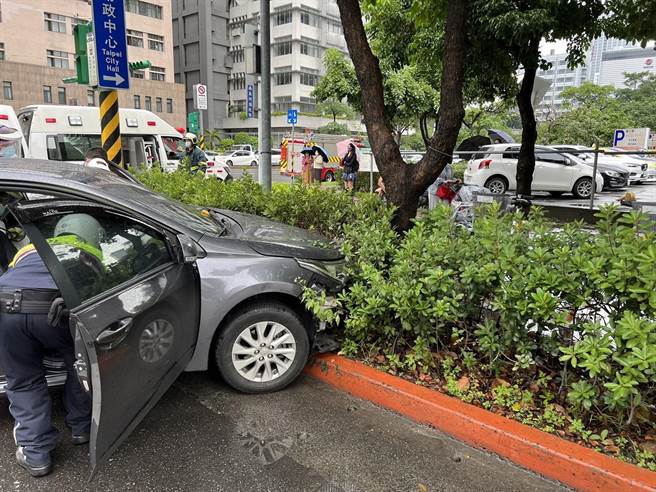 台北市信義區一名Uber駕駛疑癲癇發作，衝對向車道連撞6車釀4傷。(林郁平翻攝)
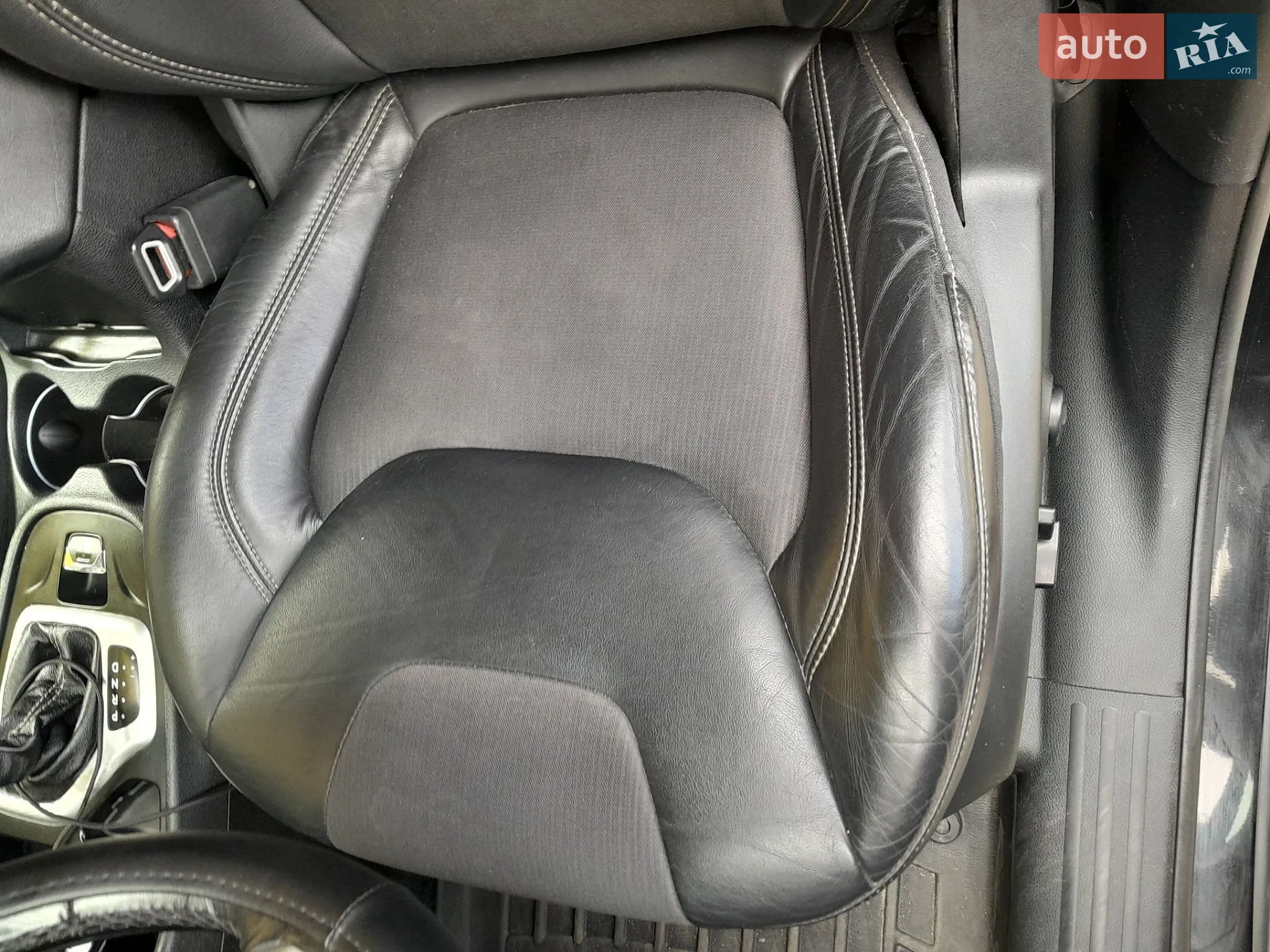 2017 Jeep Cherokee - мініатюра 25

--

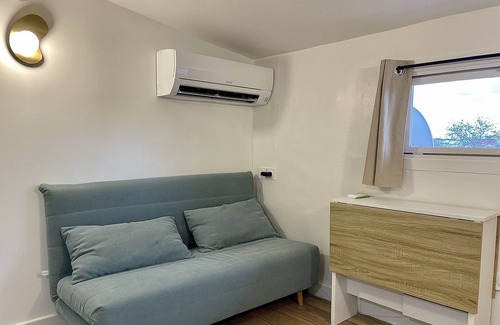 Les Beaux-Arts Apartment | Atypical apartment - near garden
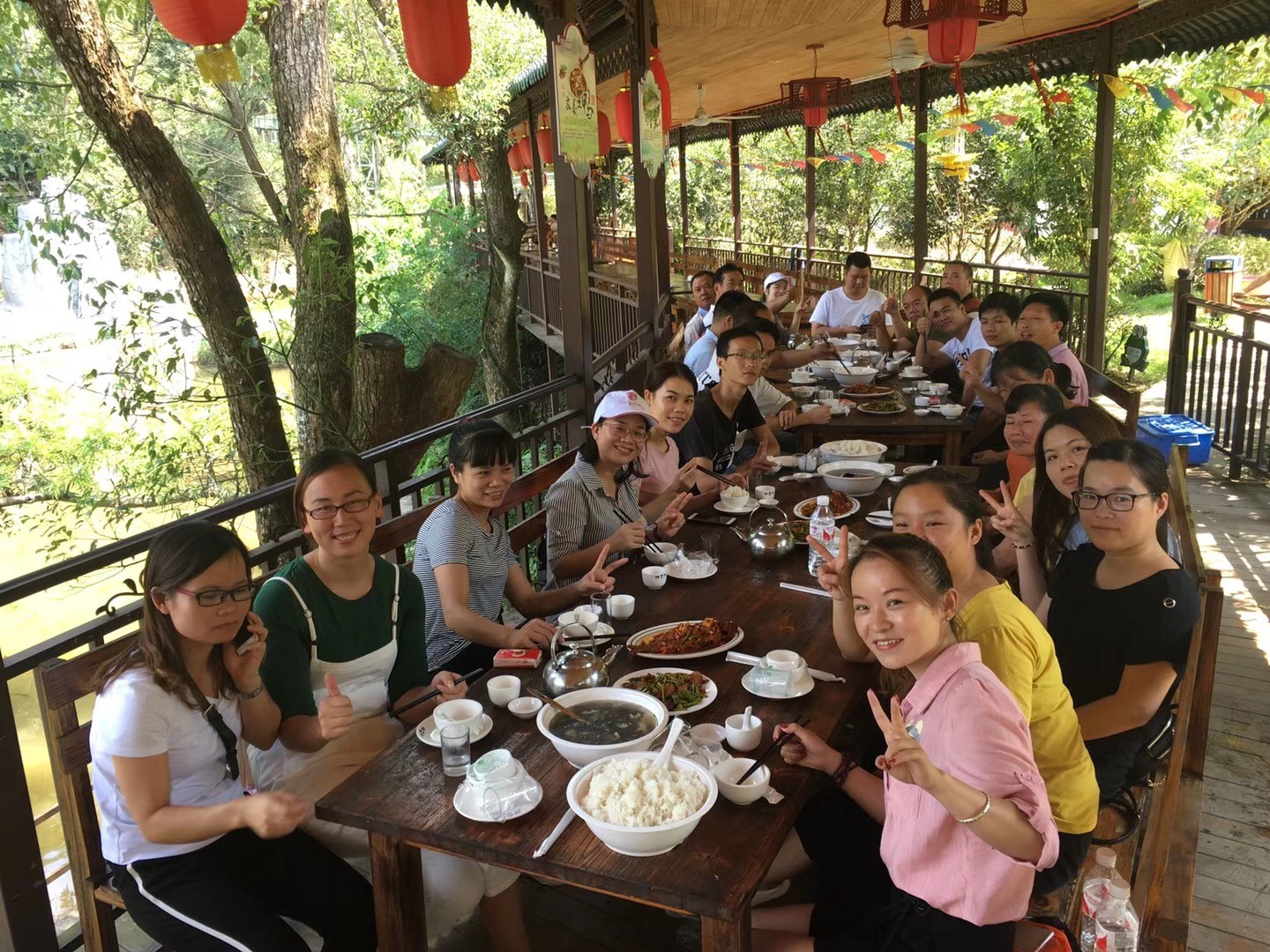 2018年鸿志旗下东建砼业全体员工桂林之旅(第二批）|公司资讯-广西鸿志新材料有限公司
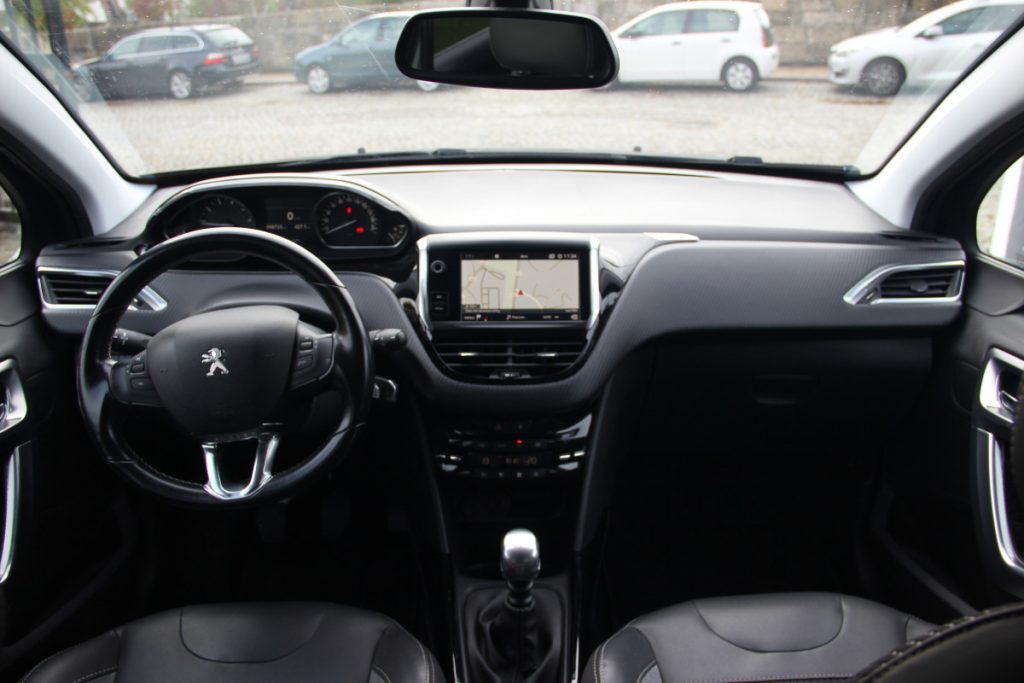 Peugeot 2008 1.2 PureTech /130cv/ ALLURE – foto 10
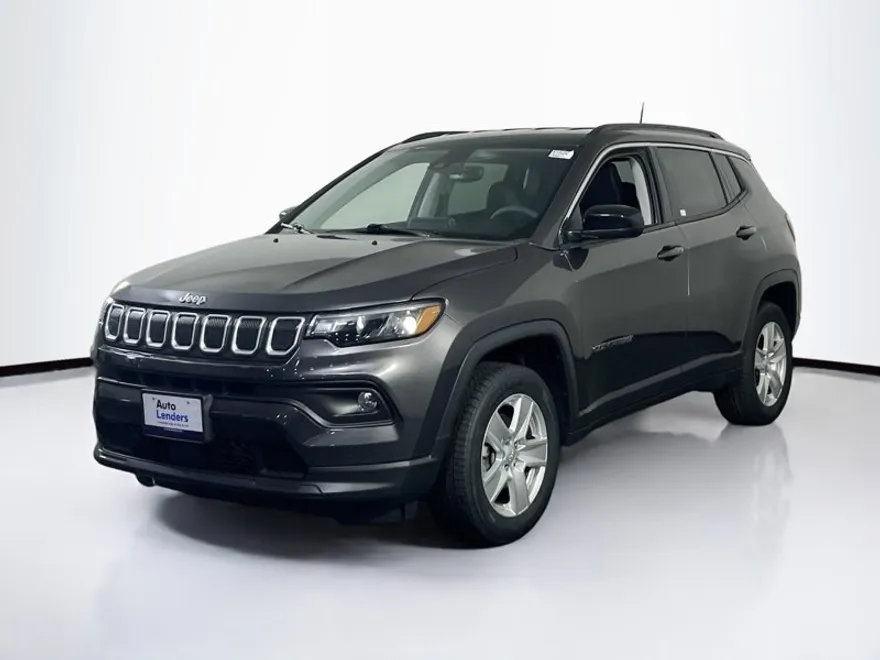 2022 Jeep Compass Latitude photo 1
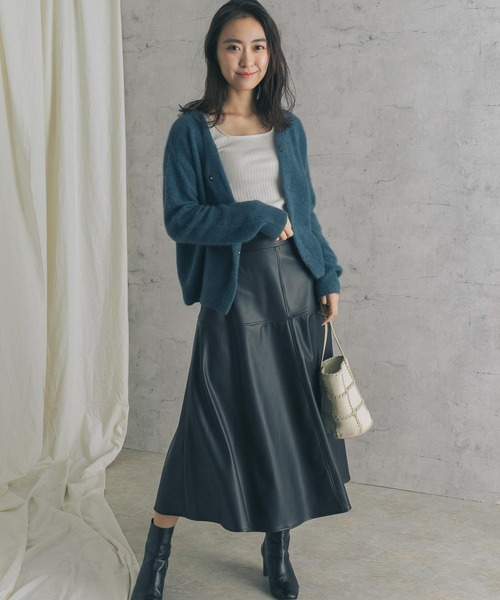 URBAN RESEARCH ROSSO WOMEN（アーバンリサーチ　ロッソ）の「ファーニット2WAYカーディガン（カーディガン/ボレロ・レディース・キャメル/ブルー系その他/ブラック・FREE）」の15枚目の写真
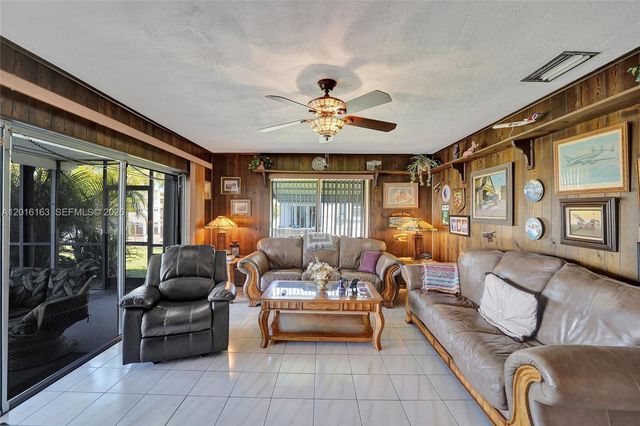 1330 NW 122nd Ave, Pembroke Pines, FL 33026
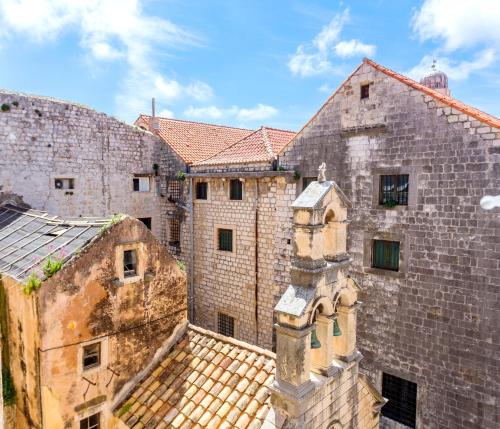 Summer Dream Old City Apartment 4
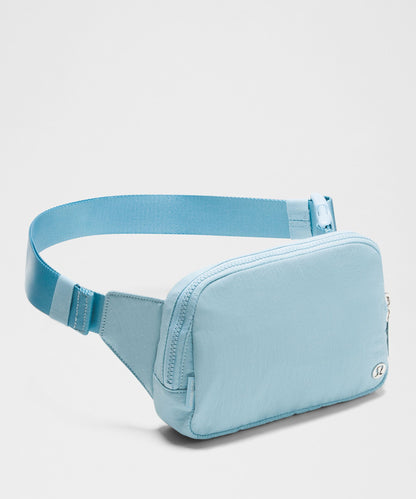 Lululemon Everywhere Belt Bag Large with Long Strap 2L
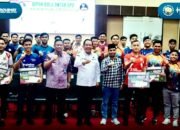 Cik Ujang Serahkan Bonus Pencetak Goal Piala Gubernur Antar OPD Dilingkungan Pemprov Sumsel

---

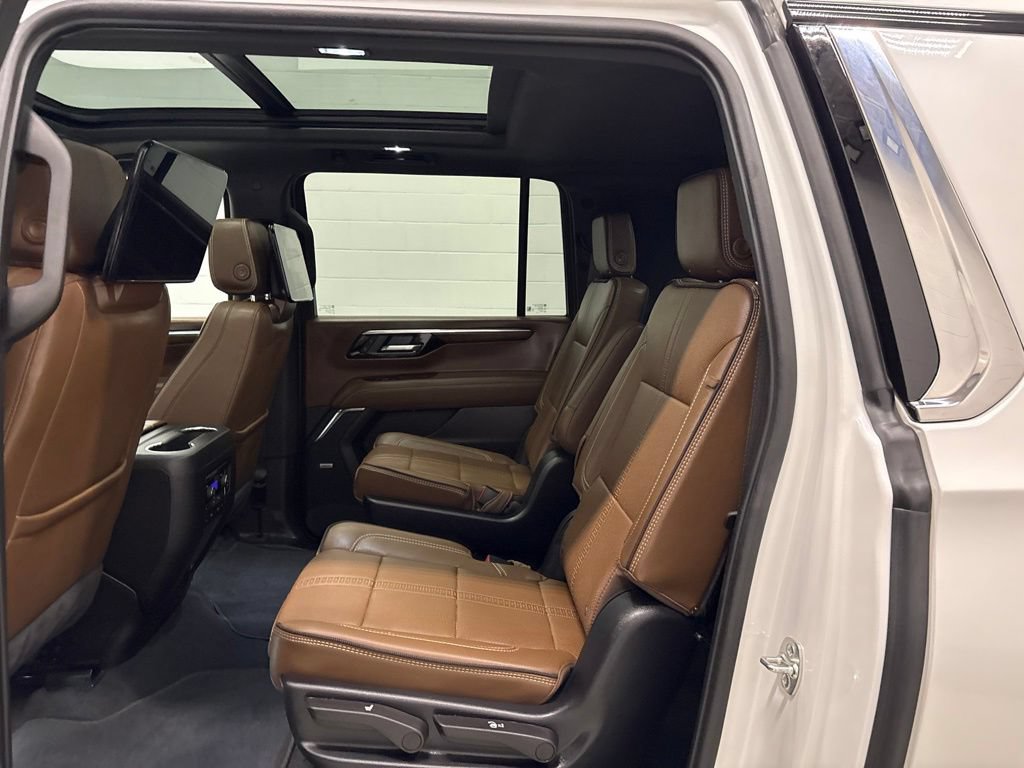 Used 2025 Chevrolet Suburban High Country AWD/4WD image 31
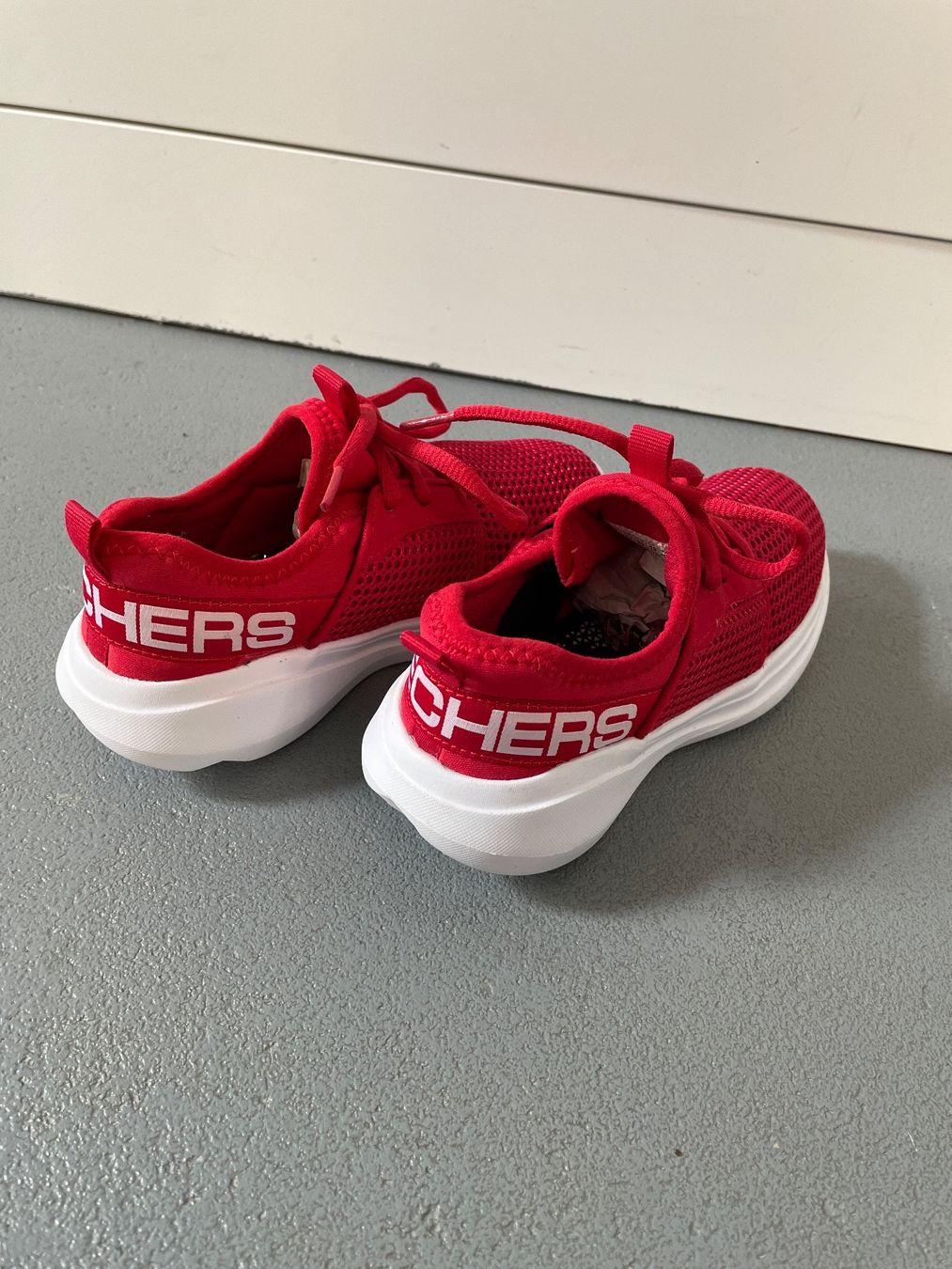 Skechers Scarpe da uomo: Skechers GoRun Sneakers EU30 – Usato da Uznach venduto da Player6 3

* _What you should do_
What should come back is an exact copy of the lines above from the line with "Used 2025 Chevrolet" to the line with "Skechers Scarpe da", both included, minus the pictures.

* _Answer space_
 Used 2025 Chevrolet Suburban High Country AWD/4WD image 31
 Skechers Scarpe da uomo: Skechers GoRun Sneakers EU30 – Usato da Uznach venduto da Player6 3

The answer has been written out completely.